Remarks by Bruce I. Knight, Chief
Natural Resources Conservation Service, at
9th National Mitigation & Conservation Banking Conference
Portland, OR
April 27, 2006



More than 70 years ago, we had a major ecological disaster in the U.S. Erosion was destroying the fertility of our nation’s farms and clogging rivers and streams with silt. In 1935, huge dust storms swept across the central U.S. in the wake of severe drought in our Great Plains region.

Keeping the soil on the land was the focus for the Soil Erosion Service, which became the Soil Conservation Service, the predecessor agency for the Natural Resources and Conservation Service that we are today.

Today, NRCS has a broader emphasis:
• conserving the soil,
• increasing the quality and quantity of water,
• preserving air quality and
• expanding habitat for fish and wildlife.

Even more simply, our mission is to help people help the land.

We partner with farmers, ranchers and others to safeguard our Nation’s natural resources on private, working agricultural land.

Our strategy is something we call locally-led, cooperative conservation. Most of our work combines federal resources with landowners’ resources to improve the land and provide environmental benefits for the public.

2002 Farm Bill

With the 2002 farm bill, we’ve greatly expanded our investment in conservation. Over the past four years, we’ve applied conservation on more than 50 million acres of working farm and ranchland. Last year alone, we served nearly 100,000 farmers and ranchers and invested $3.3 billion in voluntary, incentive-based conservation.
Increasing Wetlands

Specifically, when it comes to wetlands, we are making great progress on the President’s promise on Earth Day two years ago to restore, create, improve or protect 3 million acres of wetlands by 2009. We’re more than half way there with 1.7 million acres of wetlands restored, created, improved or protected.

Under the Wetlands Reserve Program alone in 2005, NRCS signed 751 easements covering 134,000 acres of wetlands. By the end of Fiscal Year 2006, NRCS programs will have contributed 380,000 acres to the tally.

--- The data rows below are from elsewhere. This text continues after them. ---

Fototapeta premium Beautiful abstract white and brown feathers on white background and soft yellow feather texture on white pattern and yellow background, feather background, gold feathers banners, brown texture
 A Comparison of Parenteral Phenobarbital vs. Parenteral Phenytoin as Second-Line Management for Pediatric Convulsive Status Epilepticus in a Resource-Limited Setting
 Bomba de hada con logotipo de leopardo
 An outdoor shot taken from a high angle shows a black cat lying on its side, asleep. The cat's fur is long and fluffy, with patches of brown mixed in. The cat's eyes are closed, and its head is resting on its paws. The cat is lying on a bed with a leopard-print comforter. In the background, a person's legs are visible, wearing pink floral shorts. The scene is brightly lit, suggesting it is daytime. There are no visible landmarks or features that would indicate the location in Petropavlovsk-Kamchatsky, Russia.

The President’s proposed budget for 2007 would increase funding for the Wetlands Reserve Program by 60 percent. With those additional funds, and support through other programs such as the Environmental Quality Incentives Program, the Wildlife Habitat Incentives Program, and Conservation Technical Assistance, we expect to help landowners restore, create, improve or protect nearly 380,000 additional acres of wetlands in 2007.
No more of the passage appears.